▸ PROBLEM DETAILS:
Give back the data below word for word. Any image in it should be left out.

▸ EXERCISE MATERIALS:
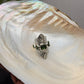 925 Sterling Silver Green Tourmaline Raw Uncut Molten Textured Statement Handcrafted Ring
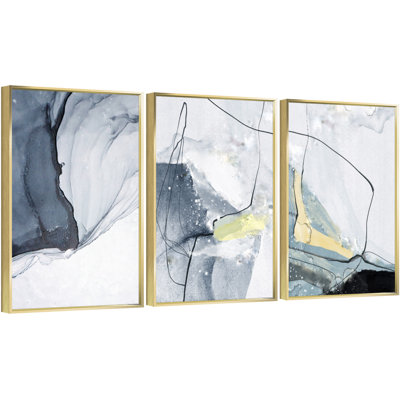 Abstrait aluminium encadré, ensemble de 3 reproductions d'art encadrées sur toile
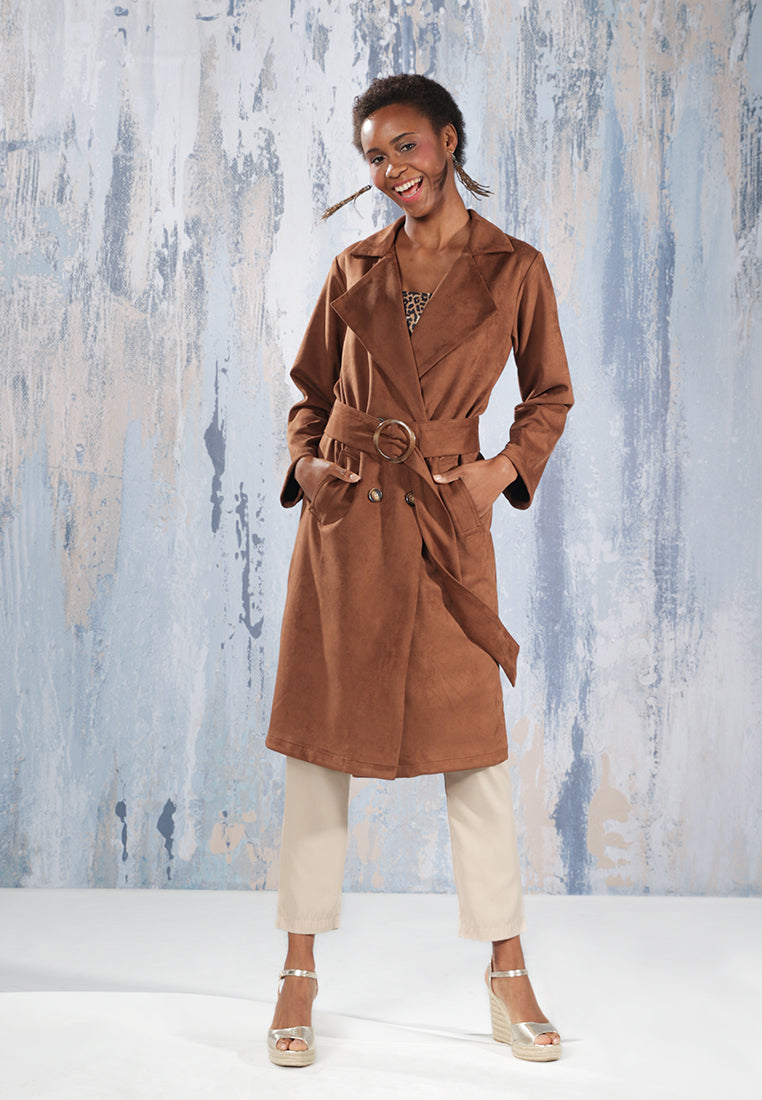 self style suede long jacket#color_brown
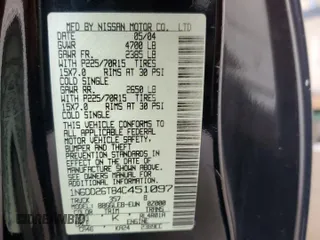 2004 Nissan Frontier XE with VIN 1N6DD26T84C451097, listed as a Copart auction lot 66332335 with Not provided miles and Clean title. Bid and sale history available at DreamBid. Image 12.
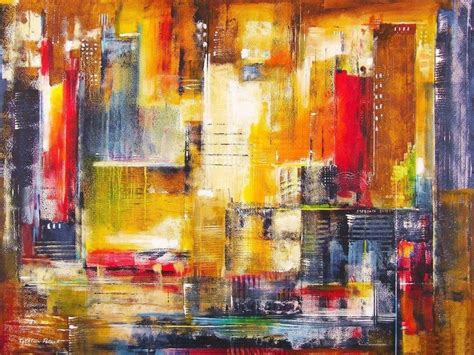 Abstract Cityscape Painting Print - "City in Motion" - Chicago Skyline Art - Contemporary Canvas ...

▸ ANSWER:
 925 Sterling Silver Green Tourmaline Raw Uncut Molten Textured Statement Handcrafted Ring
 Abstrait aluminium encadré, ensemble de 3 reproductions d'art encadrées sur toile
 self style suede long jacket#color_brown
 2004 Nissan Frontier XE with VIN 1N6DD26T84C451097, listed as a Copart auction lot 66332335 with Not provided miles and Clean title. Bid and sale history available at DreamBid. Image 12.
 Abstract Cityscape Painting Print - "City in Motion" - Chicago Skyline Art - Contemporary Canvas ...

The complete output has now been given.